Tuesday, September 30, 2008

$700 Billion against a deleveraging $1000 trillion

Here are extracts from the conventional market "wisdom" now :

Remember a year ago, when the credit crisis started in Aug 07, a banker said ‘the deleveraging will not be denied.' How true that has proved to be.

Using some basic math, I count total US and ECB temporary lending injections at $3 trillion so far. It's failing to stop deleveraging. It's simple math really, $3 trillion thrown against a deleveraging $1000 trillion is not much. The central banks can lend money to banks, even taking bad assets as collateral, but it does not force lenders to lend to one another. They all know that, the truth be told, no one is admitting the extent of the bad paper they hold. So, they won't lend in interbank lending markets, and Libor rates skyrocket. That effectively negates interest rate cuts by the central banks.

Stagflation is commodity bullish, but deflation is not.

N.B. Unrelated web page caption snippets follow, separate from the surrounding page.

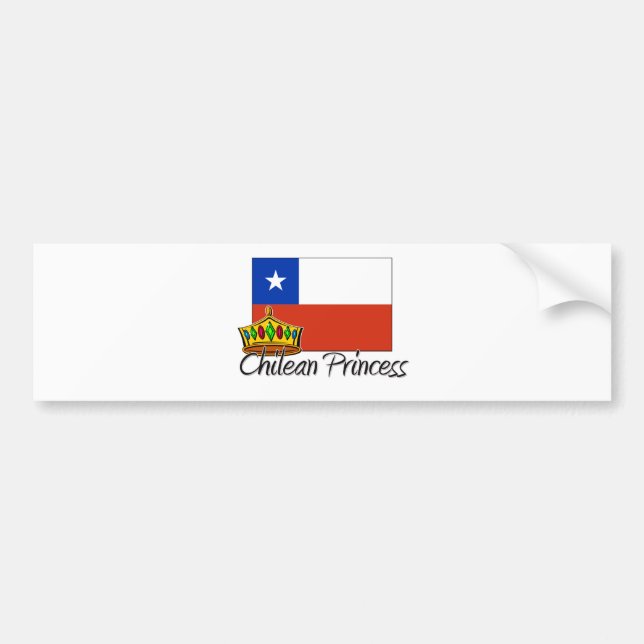 Chilenische Prinzessin Autoaufkleber (Vorne)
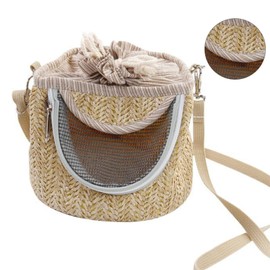 Small Pet Carrier Bag, Soft Breathable Portable Shoulder Bag for Golden Bear Sugar Glider Hamster Lightweight (Light Coffee)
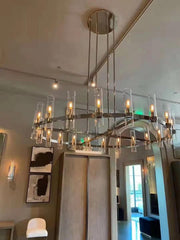 Manory Round Chandelier 60" - Franing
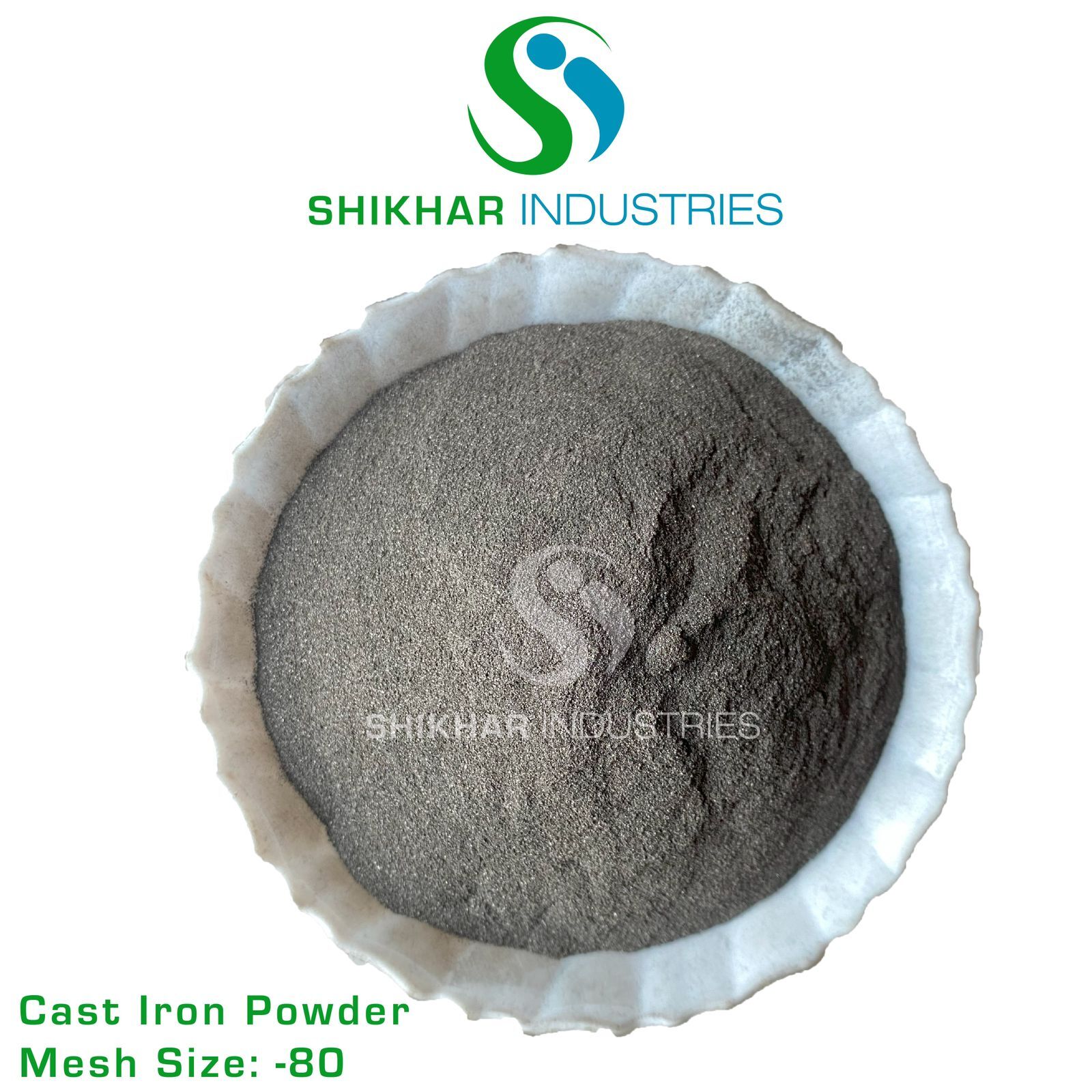 Cast Iron Powder - Iron Material Mesh Sizes -24 To -200 Grey Color Density 7.8 G/cmâ³ Ideal For Dyes Pharmaceuticals Foundries
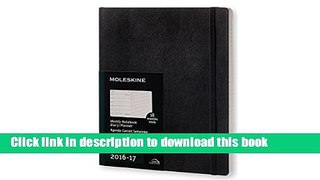 Books Moleskine 2016-2017 Weekly Notebook, 18M, Extra Large, Black, Soft Cover (7.5 x 10) Free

The investing mantra, that the world economy will drive basic commodities relentlessly up, is what we heard for the last 5 years, but the markets are saying that is old hat. What's new hat is a contracting world economy and debt deflation. But it's typical for the economic commentary and thinking to be 6 months behind seeing the obvious, that the investing climate has now changed decidedly away from the general ‘economic growth to infinity' paradigm we heard for the last 5 years.